**EXERCISE DETAILS**
Your answer should hold only the lines from the one with "Two Sur Ron" through the end of the records, repeated exactly and minus any pictures.

(Dataset records)

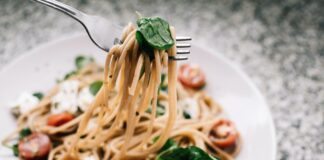 selective focus photography of pasta with tomato and basil 1279330 scaled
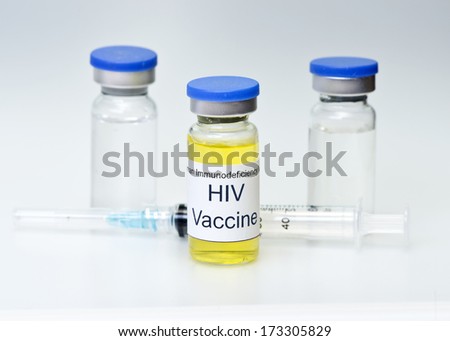 Hypothetical AIDS/HIV vaccine with syringe and vials.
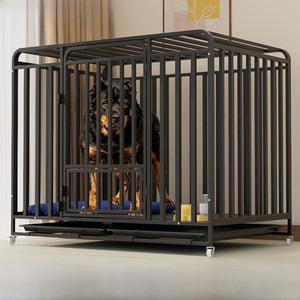 Black flat top iron dog crate with slide out tray and wheels holding a large rottweiler indoors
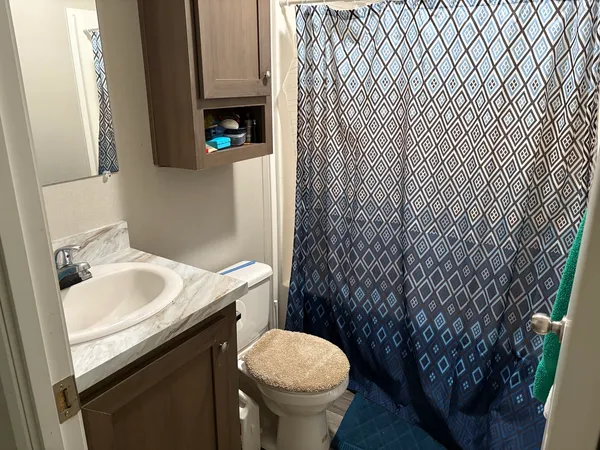 a bedroom with furniture and a flat screen tv
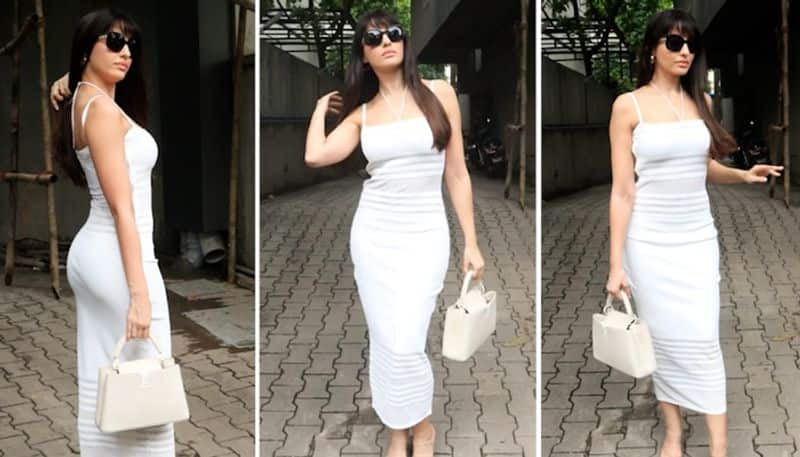 Pictures and Video: Nora Fatehi looks voluptuous in sexy ivory
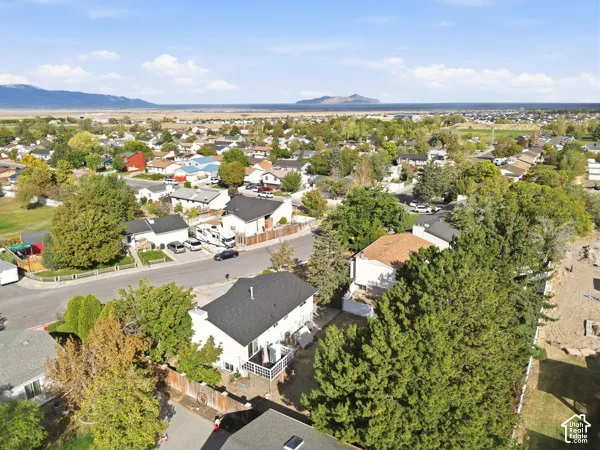 Aerial perspective showcasing a residential neighborhood with surrounding natural landscapes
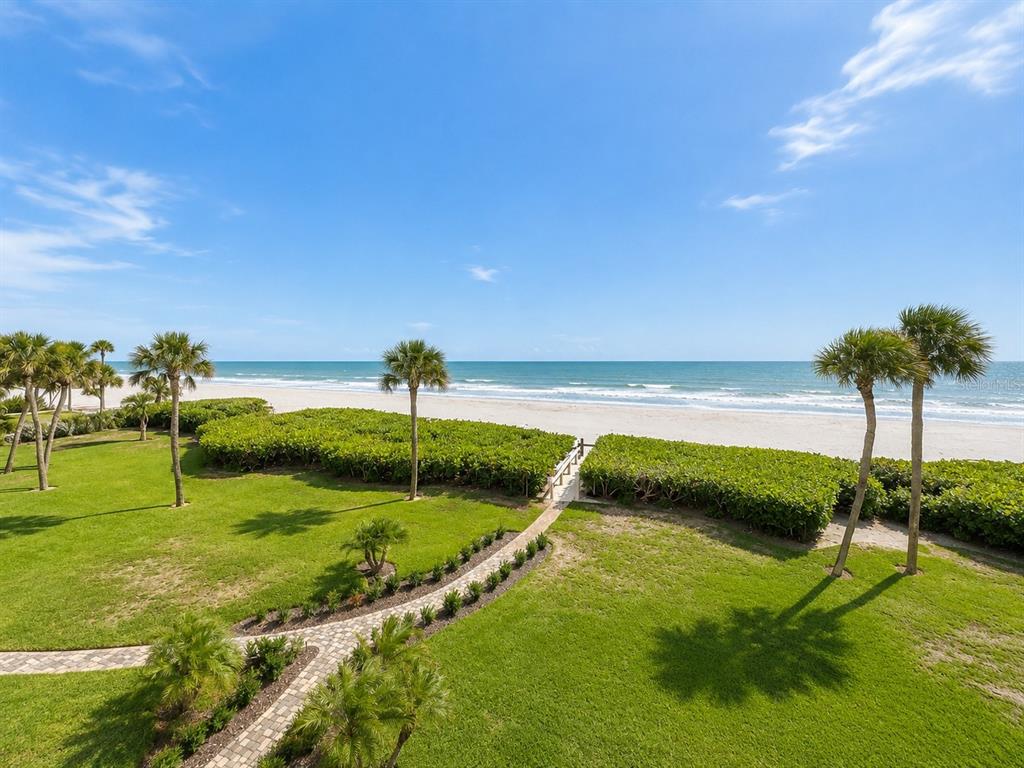 A living room with a white sofa, recliner, chandelier, and a balcony overlooking the ocean — 2675 GULF OF MEXICO DRIVE UNIT 203, LONGBOAT KEY, FL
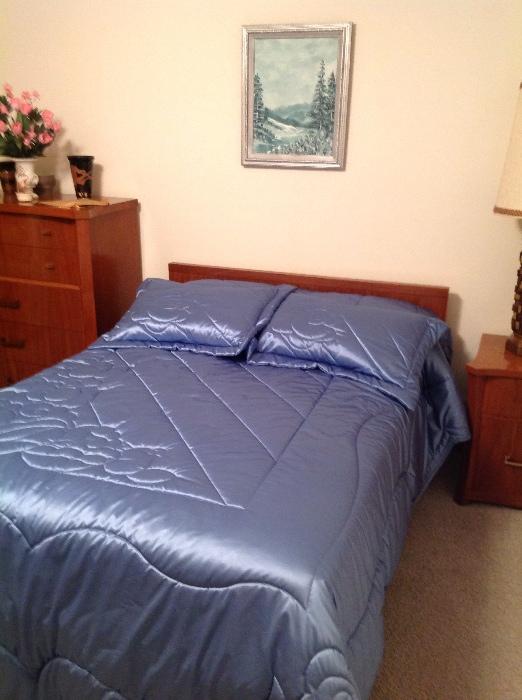 Mid century bedroom set, blue bedding, homeowners art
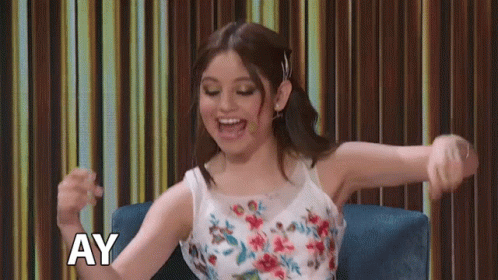 A Woman In A Floral Dress Is Sitting In A Chair With Her Arms Outstretched And The Word Ay Above Her GIF
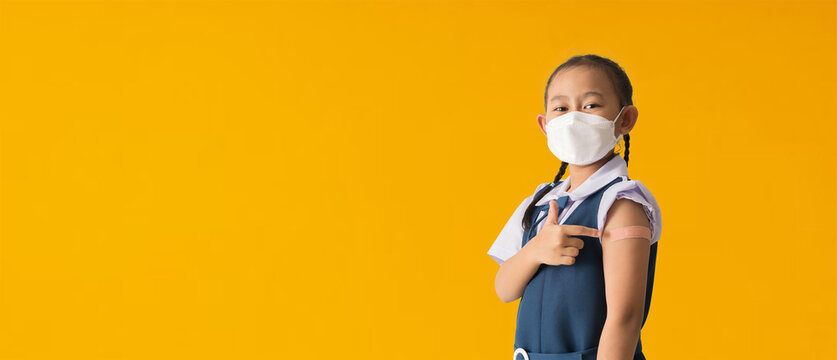 Back to school banner idea concept, Asian student little girl showing pointing with finger to bandage on her arm shoulder wearing protective mask done with vaccinations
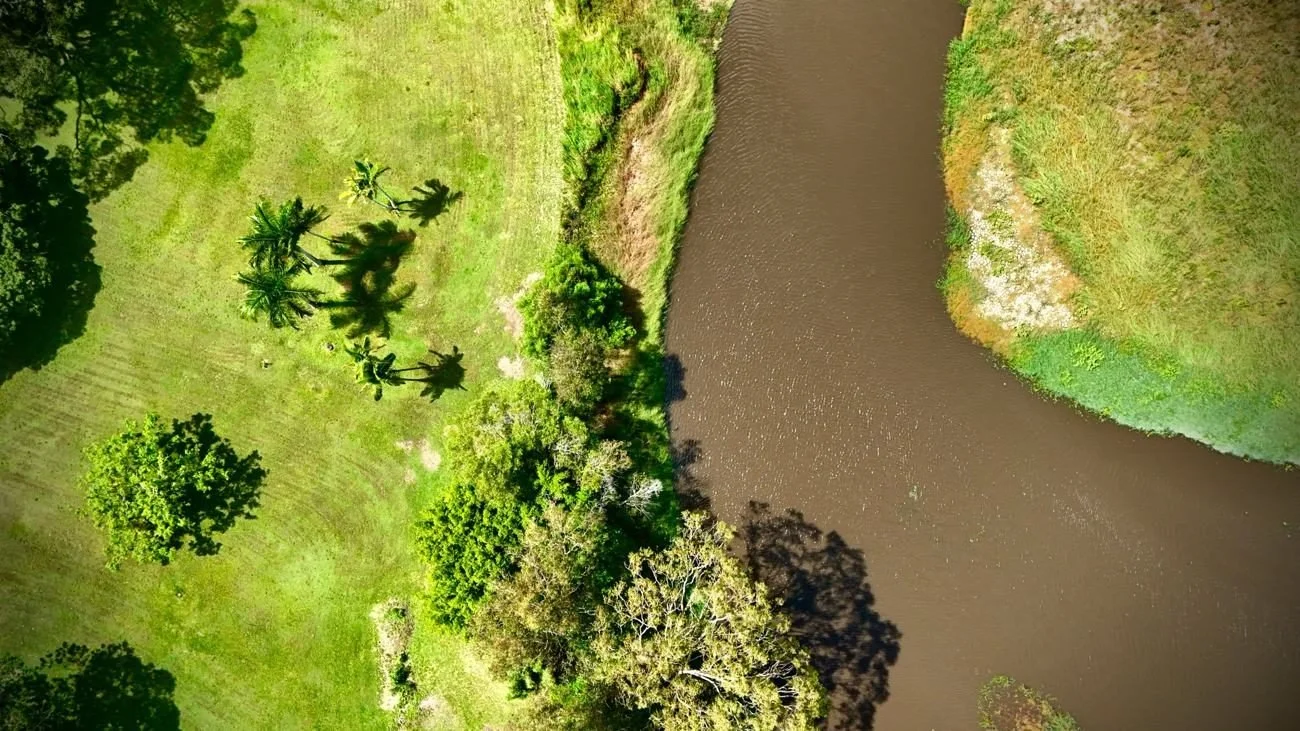 Aerial drone photo of a river bend and green parkland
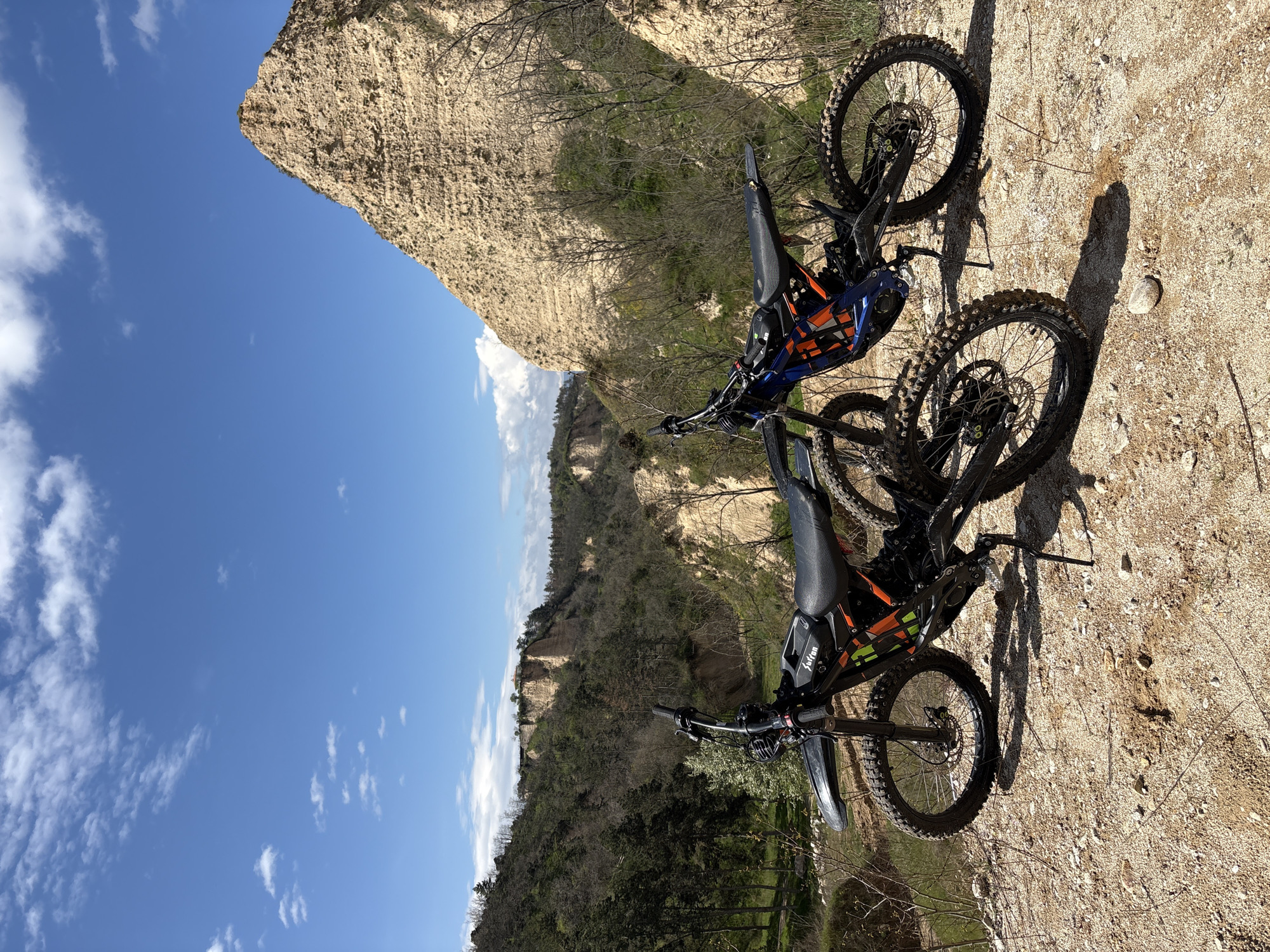 Two Sur Ron electric dirt bikes are parked on a dirt path near the sandstone cliffs of Melnik, Bulgaria. The sky is blue with scattered white clouds. Green vegetation and trees are visible along the hillside.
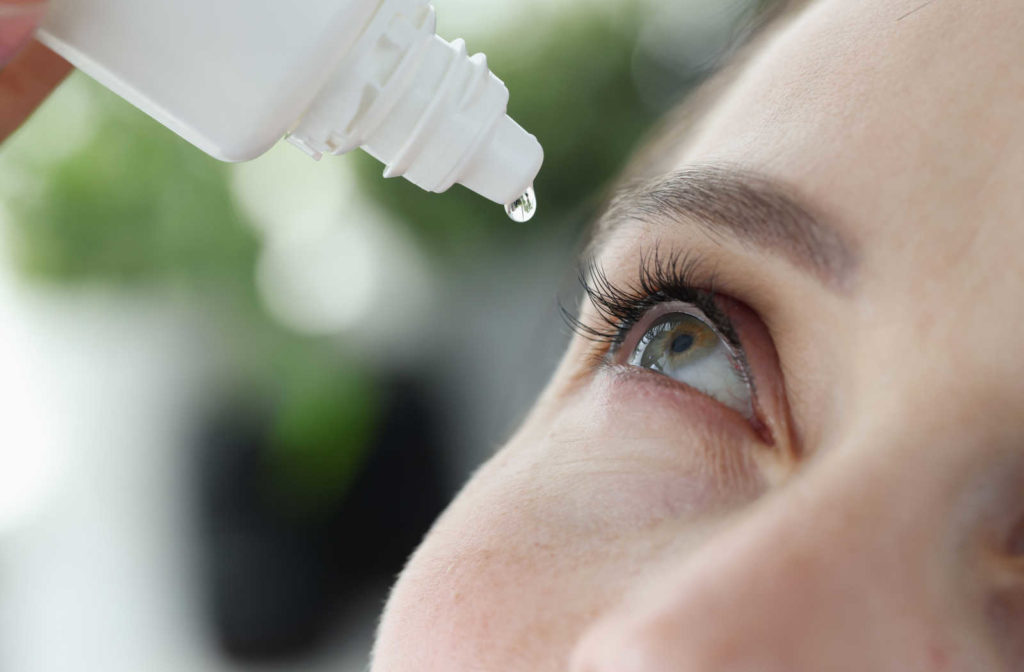 A woman putting an eye drop in her eye.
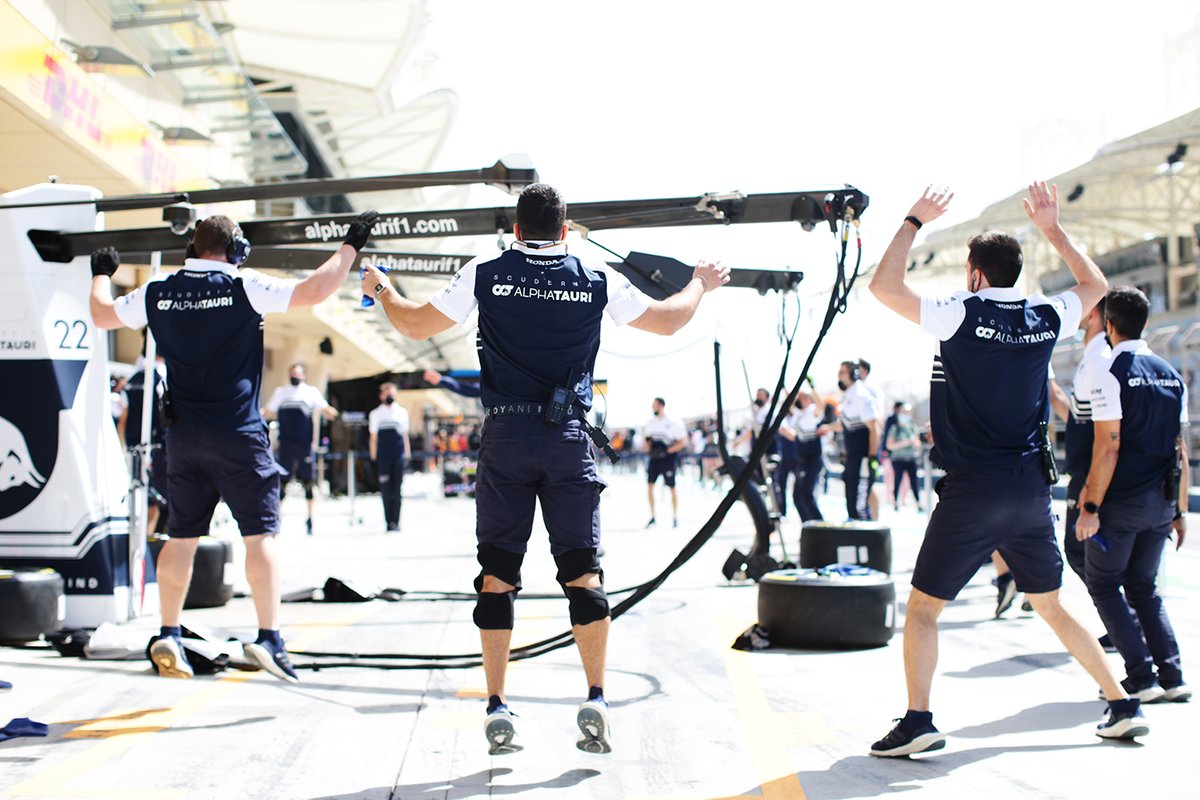 AlphaTauri pit crew perform warm-up exercises in Bahrain. Teams are spending increasing stretches on the road, putting a huge toll on their mental and physical wellbeing 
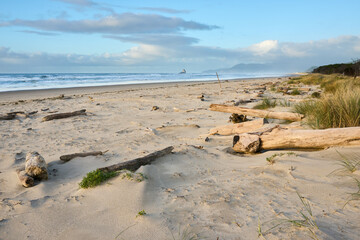 View of the ocean beach at sunset on the Oregon coast.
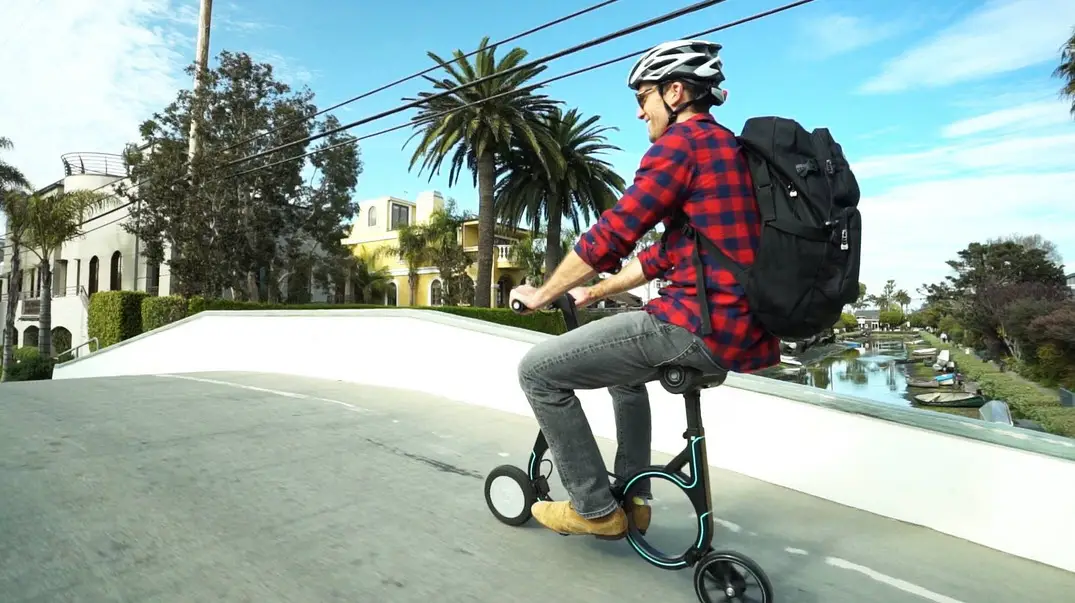man riding the smacircle s1 on the road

**TASK RESPONSE**
 Two Sur Ron electric dirt bikes are parked on a dirt path near the sandstone cliffs of Melnik, Bulgaria. The sky is blue with scattered white clouds. Green vegetation and trees are visible along the hillside.
 A woman putting an eye drop in her eye.
 AlphaTauri pit crew perform warm-up exercises in Bahrain. Teams are spending increasing stretches on the road, putting a huge toll on their mental and physical wellbeing 
 View of the ocean beach at sunset on the Oregon coast.
man riding the smacircle s1 on the road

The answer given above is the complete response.